- [Task goal] Leaving out all pictures, restate word for word the lines from the one with "this 1270×952 image." through the last line of the entries.

==== Listed entries

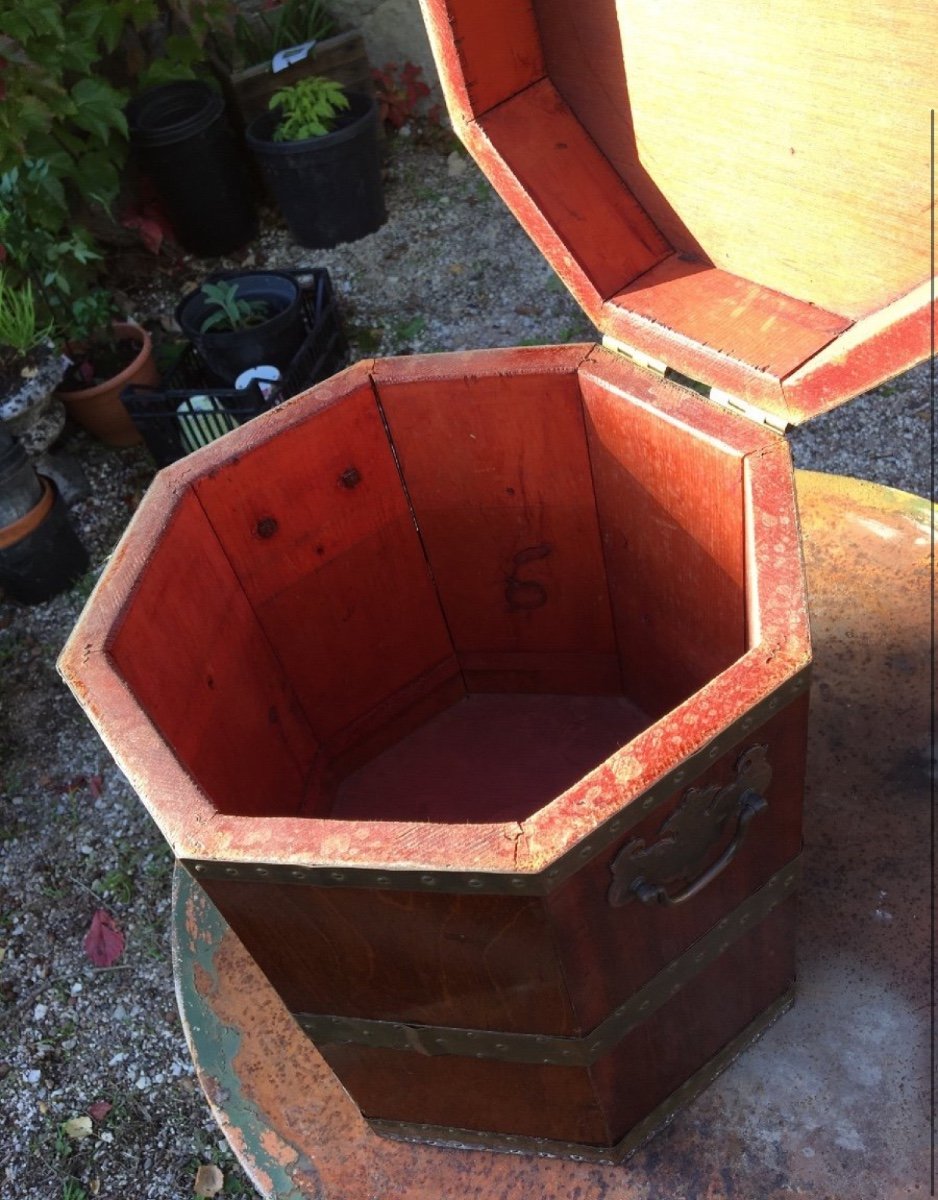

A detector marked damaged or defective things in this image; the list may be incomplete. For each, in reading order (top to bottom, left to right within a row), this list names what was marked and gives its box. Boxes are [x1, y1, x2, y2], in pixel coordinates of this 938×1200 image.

rusty table top [172, 470, 935, 1200]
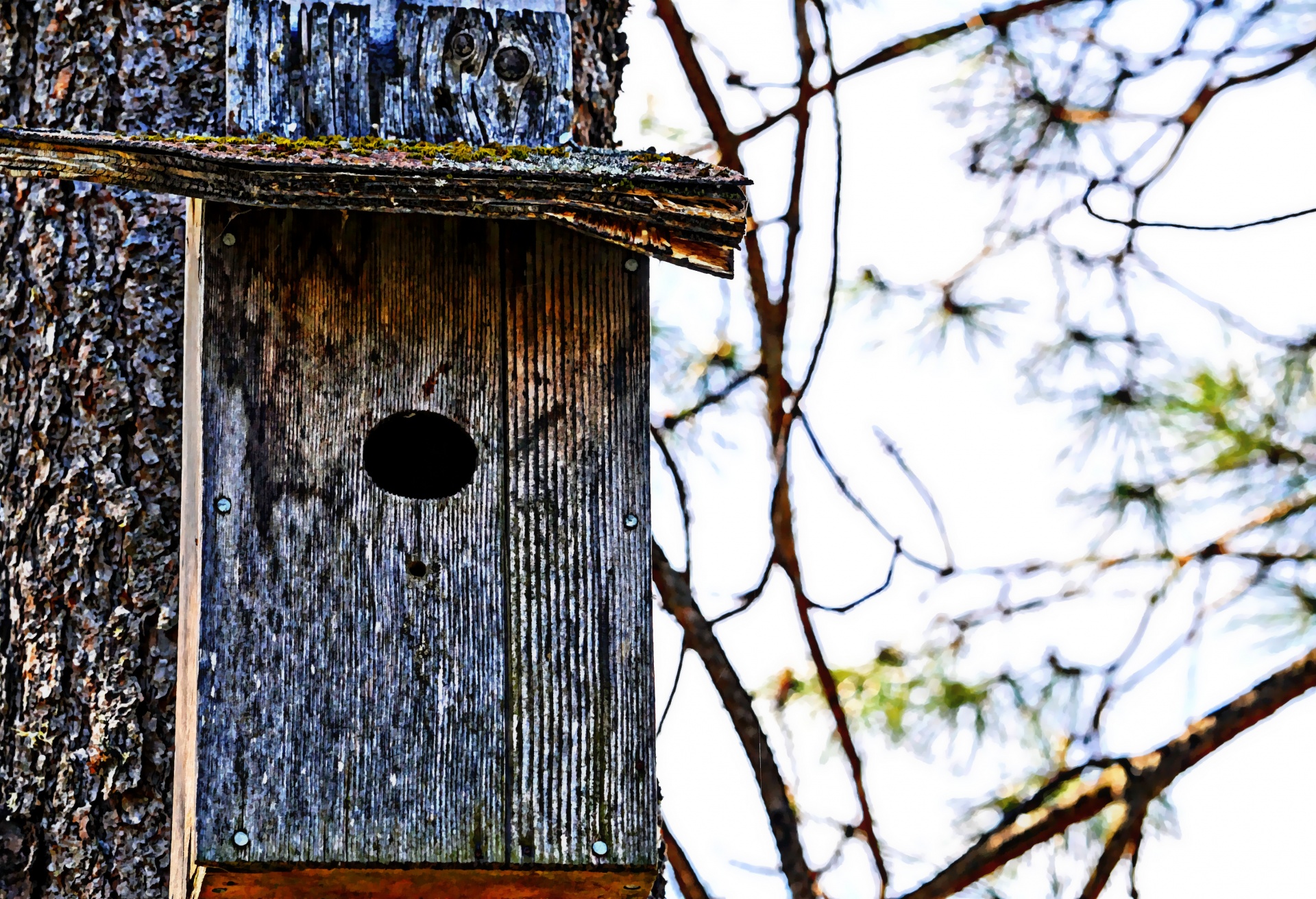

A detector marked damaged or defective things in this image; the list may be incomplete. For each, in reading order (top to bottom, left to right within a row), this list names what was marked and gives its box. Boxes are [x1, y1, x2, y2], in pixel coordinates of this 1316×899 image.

splintered wood edge [0, 129, 747, 278]
splintered wood edge [192, 863, 658, 899]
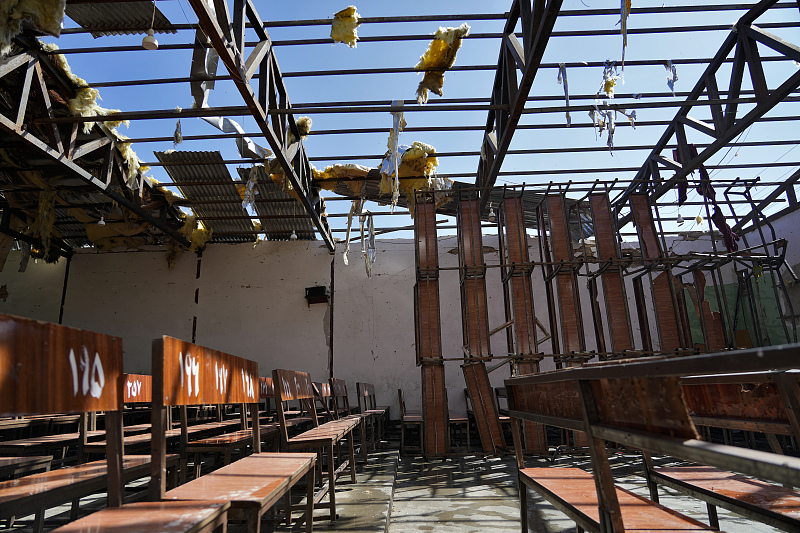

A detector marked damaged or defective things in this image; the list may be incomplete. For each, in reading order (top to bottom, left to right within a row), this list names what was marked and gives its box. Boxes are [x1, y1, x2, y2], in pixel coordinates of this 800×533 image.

torn insulation strip [0, 0, 65, 57]
rusty metal beam [188, 0, 334, 251]
torn insulation strip [330, 5, 360, 48]
torn insulation strip [416, 22, 472, 104]
rusty metal beam [476, 0, 564, 212]
torn insulation strip [664, 60, 680, 96]
torn insulation strip [360, 209, 376, 278]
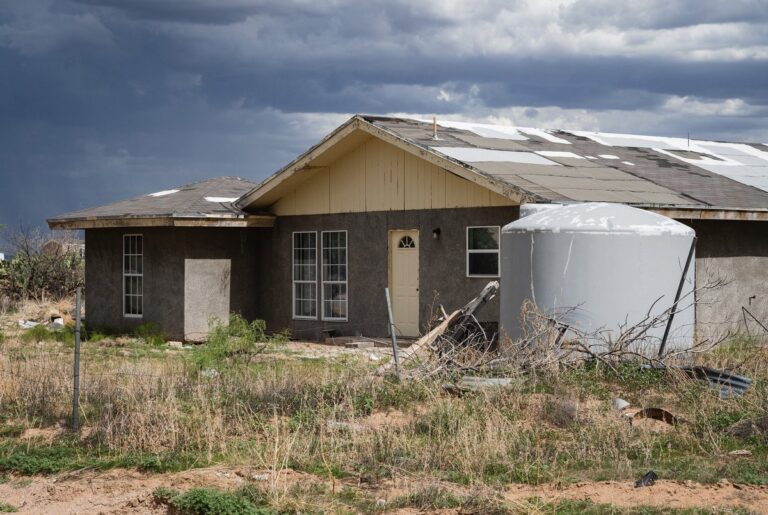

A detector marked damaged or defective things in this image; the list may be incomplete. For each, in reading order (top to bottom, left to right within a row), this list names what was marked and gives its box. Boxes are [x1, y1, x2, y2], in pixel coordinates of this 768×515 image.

damaged roof [48, 177, 276, 230]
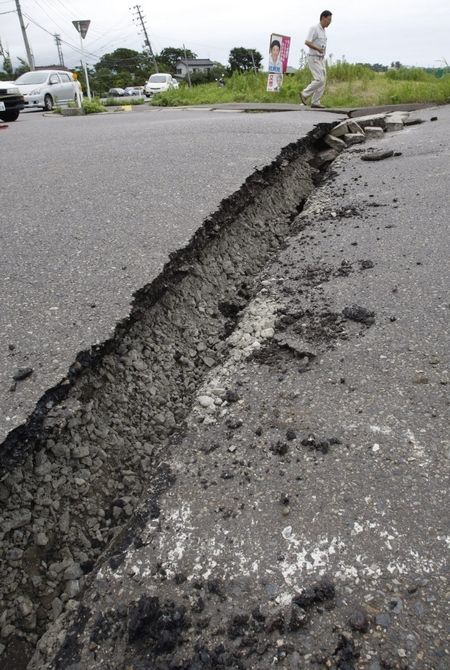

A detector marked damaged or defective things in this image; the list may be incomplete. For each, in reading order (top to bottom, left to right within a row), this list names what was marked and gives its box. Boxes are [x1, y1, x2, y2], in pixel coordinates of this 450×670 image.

fissure in pavement [0, 122, 338, 670]
cracked asphalt road [0, 105, 342, 444]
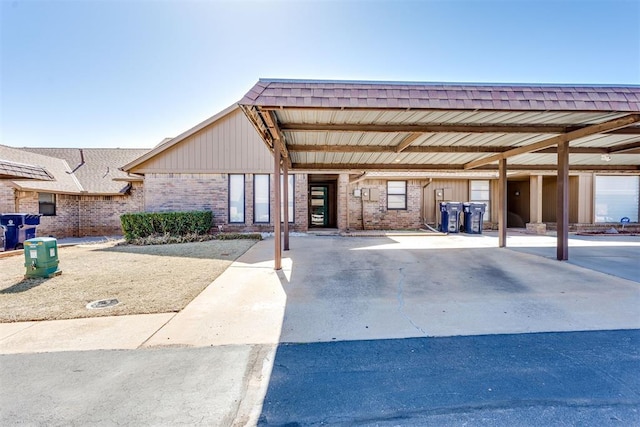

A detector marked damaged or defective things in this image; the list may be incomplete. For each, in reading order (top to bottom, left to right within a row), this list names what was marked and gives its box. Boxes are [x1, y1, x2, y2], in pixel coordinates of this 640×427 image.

crack in pavement [392, 268, 428, 338]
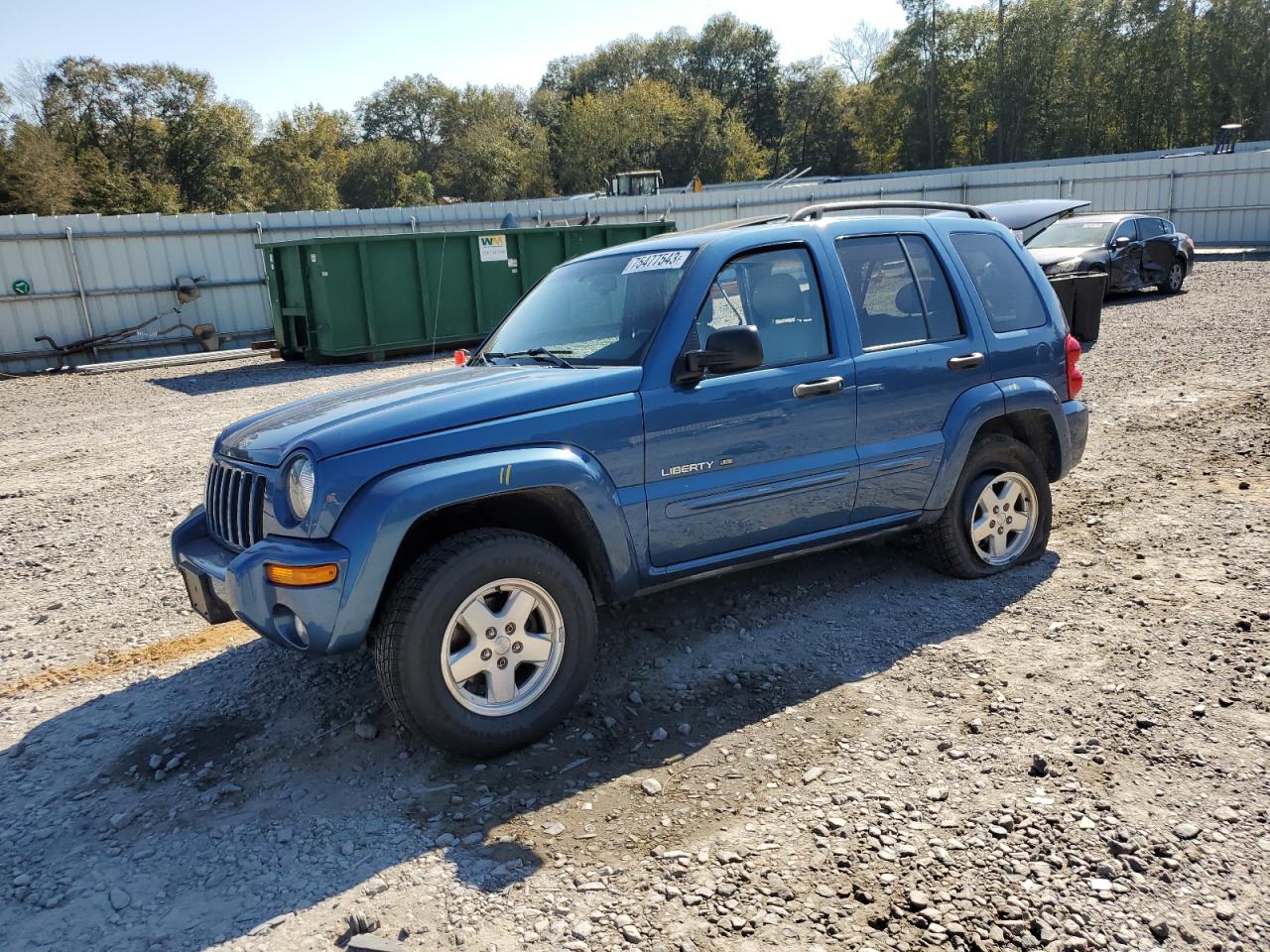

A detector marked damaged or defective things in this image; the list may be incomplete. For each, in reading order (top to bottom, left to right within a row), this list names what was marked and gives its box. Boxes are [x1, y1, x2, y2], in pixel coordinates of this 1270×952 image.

rust stain [0, 627, 258, 698]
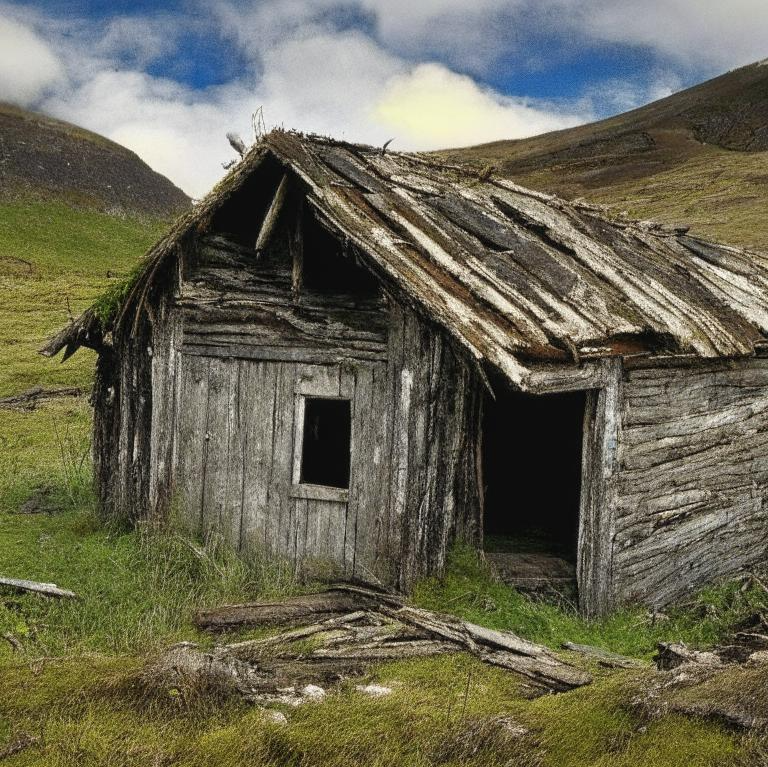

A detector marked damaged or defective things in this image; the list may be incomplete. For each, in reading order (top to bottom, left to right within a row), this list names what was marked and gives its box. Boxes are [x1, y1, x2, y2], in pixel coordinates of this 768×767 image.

broken timber [192, 588, 588, 696]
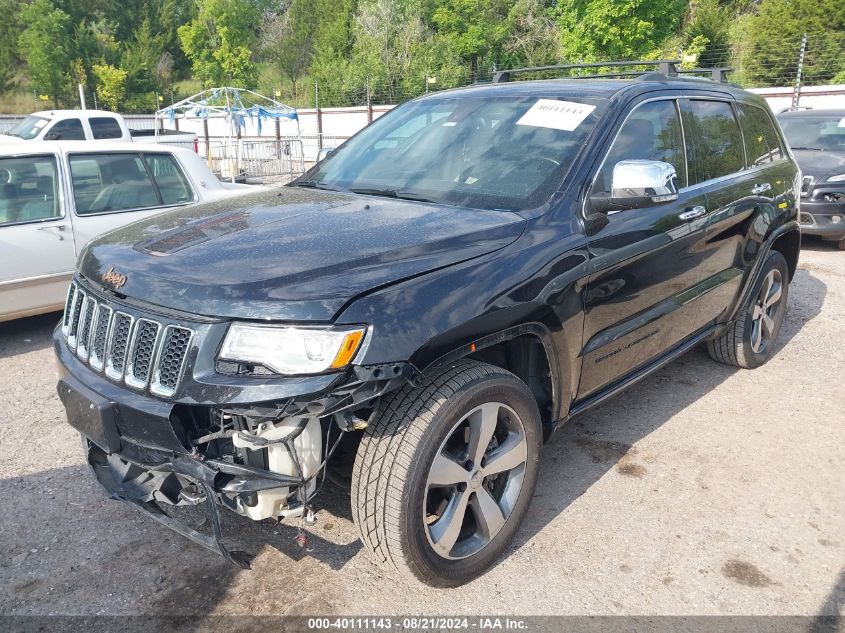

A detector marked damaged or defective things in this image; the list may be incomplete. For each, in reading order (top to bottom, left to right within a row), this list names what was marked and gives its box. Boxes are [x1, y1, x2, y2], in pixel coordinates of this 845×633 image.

broken bumper cover [51, 324, 414, 564]
damaged front bumper [52, 324, 416, 564]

========

- [Problem solution]
A detector marked damaged or defective things in this image; the list may be incomplete. For each, in reading order (top to bottom, left to right within a row), this list names what was marked and gives its box. Boxes are [x1, y1, x2, y2], in pixel coordinates of this 1270×952 image.

rust stain [0, 627, 258, 698]

A detector marked damaged or defective things in this image; the list may be incomplete. For each, in reading order (top to bottom, left to right within a row), this list names what was marked and gives its box. Boxes are [x1, y1, x2, y2], in pixel coordinates of this 768×767 image.

broken timber [192, 588, 588, 696]

A detector marked damaged or defective things in this image; the list may be incomplete. For each, in reading order (top to bottom, left to right within a row), this list names what was marked and gives its box. Boxes are [x1, y1, x2, y2], in pixel coordinates of this 845×633 image.

broken bumper cover [51, 324, 414, 564]
damaged front bumper [52, 324, 416, 564]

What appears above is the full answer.